Page 30 of Faron (The Golden Team #8)
Blue
I t had been a week since Cyclone and River arrived, and my clinic hadn’t been the same since.
In the best way.
One or two members of their team showed up every day like clockwork — bringing food, fixing broken fixtures, offering extra hands.
Even Kat, River’s wife, joined the chaos, her military medic instincts sharper than steel.
I thought the blood might get to her. It didn’t.
She kissed crying babies, cracked jokes with teens covered in stitches, and brought enough sweets to bribe a whole army of scared kids into smiling.
And Faron — he was everywhere.
At my side in every emergency, running supply runs, replacing the back door that got shot out two days ago.
And then he walked up holding a crisp envelope like he was handing me the stars.

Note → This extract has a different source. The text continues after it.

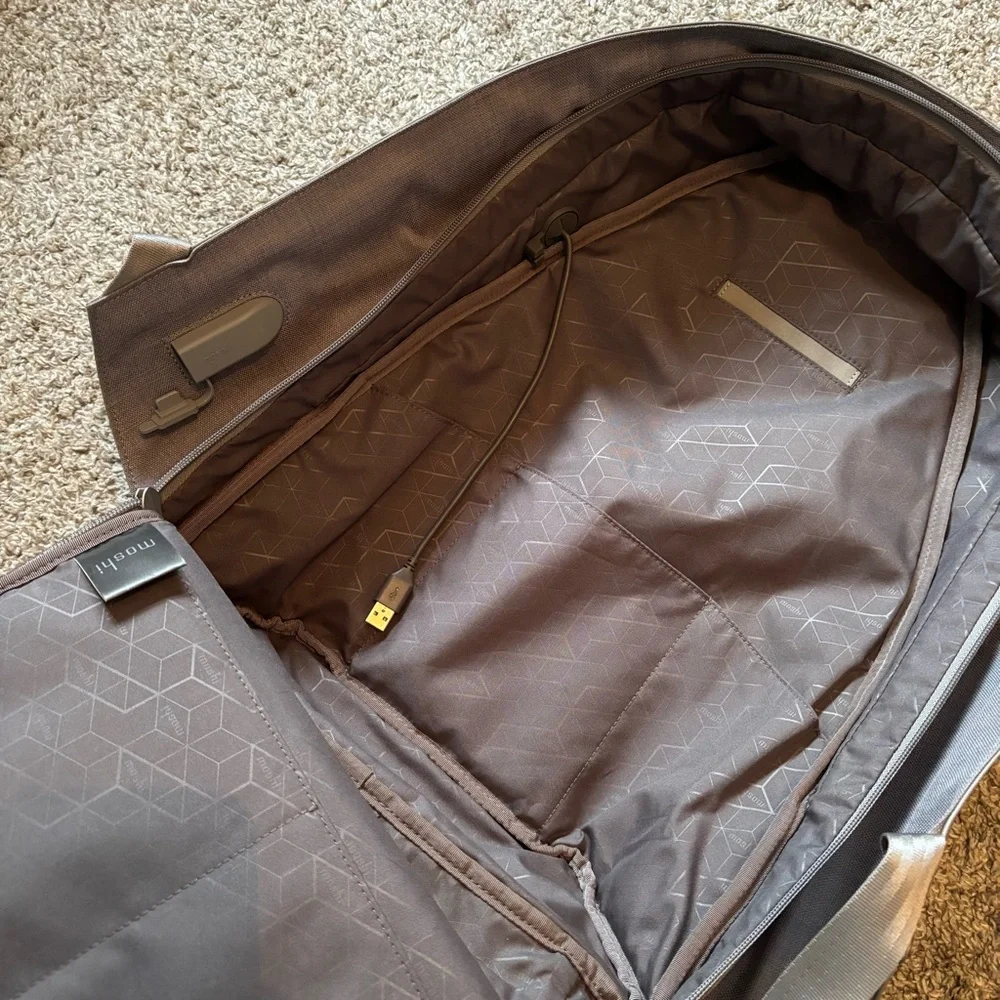 Moshi tego anti-theft backpack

“What’s this?” I asked, already suspicious.
“A deed,” he said.
My heart stuttered.
“For the rec center building?” I asked.
“Yep. Official. Signed, sealed, delivered. I paid a whole dollar.”
I stared at him. “You bought it?”
He shrugged like it wasn’t a big deal. “The city’s on board. They’re covering a lot of the renovations.”
My eyes burned.
I didn’t even know he was doing this.
Before I could say a word, the front door opened, and in walked a woman with golden skin, a ballerina’s posture, and a sunshine-wrapped voice.
“Oh, Faron, there you are!” she said. “Can you show me the building? I’ve got a contractor meeting me there in an hour.”
Faron gestured to me. “Blue, this is Oliver’s wife — Emery.”
I wiped my hands on my scrubs and smiled through the exhaustion. “It’s an honor. I’d shake your hand, but, well…” I held up blood-smeared fingers.
Emery laughed gently. “No worries. Did Faron mention we’re adding a pool?”
“A… pool?”
“For swimming lessons. Kids. Adults. Free for everyone.”
I blinked. “You’re serious?”
“As a heart attack,” she said. “We already have donors lined up.”
Everything was moving so fast.
I hadn’t even caught my breath, and suddenly the future was being painted in strokes I didn’t recognize.
I pulled Faron aside. “I wanted to be part of this.”
“You are part of this,” he said softly. “Name it, Blue. The place. Give it a name.”
I stared down the hall at a little girl showing Kat the princess Band-Aid on her elbow. My heart ached.
“Yes. I want to call it Julia’s Place.”
He went still. “Who’s Julia?”
“She was a girl who used to walk the block, telling kids not to sell drugs for the cartel. Not to get high. She meant well, always did. They found her a year ago… in the canal. She was only fifteen.”
He put a hand on my back. “Then Julia’s Place it is.”
And for the first time in a long, long time — I let myself believe something good might grow here after all.